• _Recorded data_
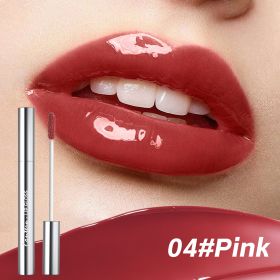 4 Colors Lip Gloss,Hydrating Lip Tint,Long Lasting Waterproof, High Shine Glossy Mirror Lip Stain, Long Lasting Moisturizing,Non Sticky, Romantic (Option: 04 Pink)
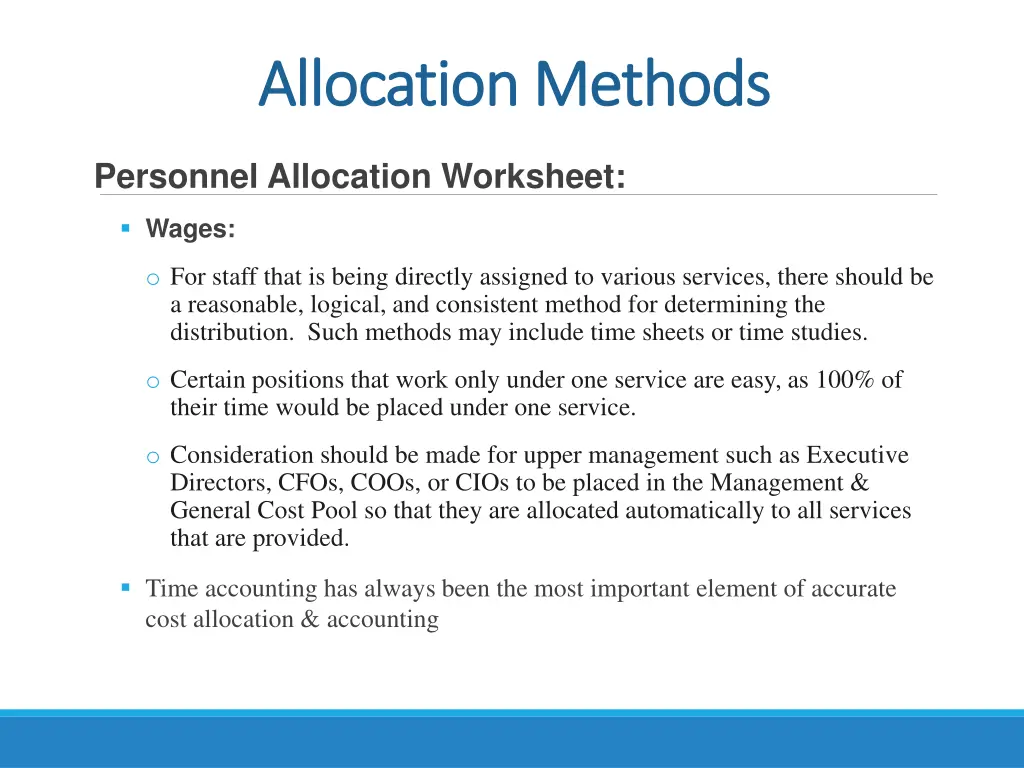 allocation methods allocation methods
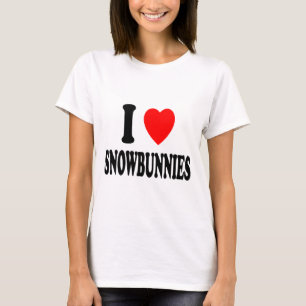 Camiseta Me encantan (amo) Snowbunnies esquiando Atractivo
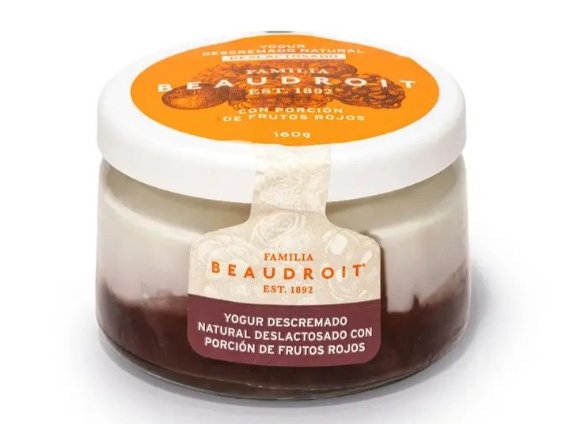 Yogur DESCREMADO natural DESLACTOSADO frutos rojos x 160gr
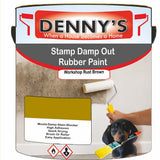 Denny's Waterpoof Paint For Stamp Out Damp Colour- Workshop Rust Brown - Damp-Block Mould-Safe Breathable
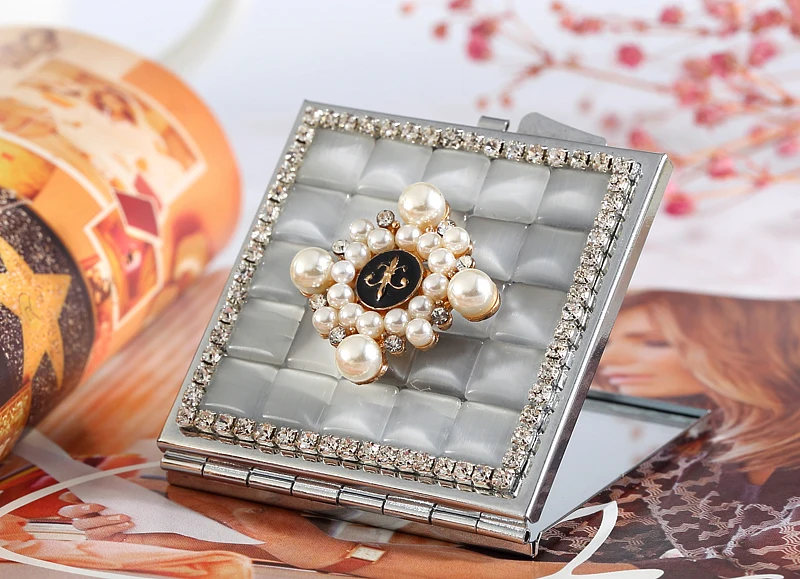 2 стороны мини косметическое компактное карманное зеркало Свадебные вечерние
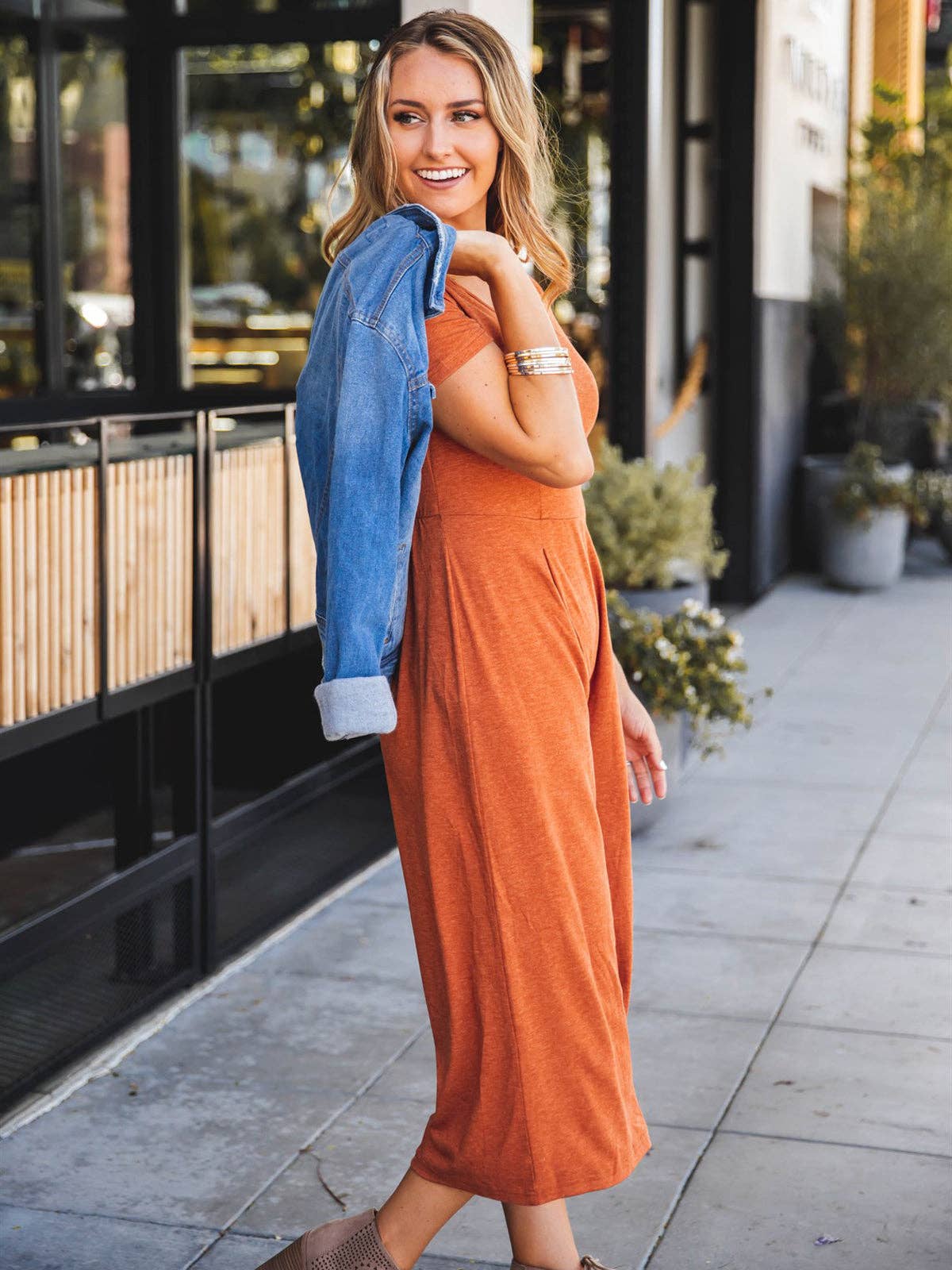 Tickled Teal - Cropped Pant Daisy Jumpsuit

• _Assignment_
Could the listing above be printed again in full, with every picture omitted?

• _Result of this exercise_
 4 Colors Lip Gloss,Hydrating Lip Tint,Long Lasting Waterproof, High Shine Glossy Mirror Lip Stain, Long Lasting Moisturizing,Non Sticky, Romantic (Option: 04 Pink)
 allocation methods allocation methods
 Camiseta Me encantan (amo) Snowbunnies esquiando Atractivo
 Yogur DESCREMADO natural DESLACTOSADO frutos rojos x 160gr
 Denny's Waterpoof Paint For Stamp Out Damp Colour- Workshop Rust Brown - Damp-Block Mould-Safe Breathable
 2 стороны мини косметическое компактное карманное зеркало Свадебные вечерние
 Tickled Teal - Cropped Pant Daisy Jumpsuit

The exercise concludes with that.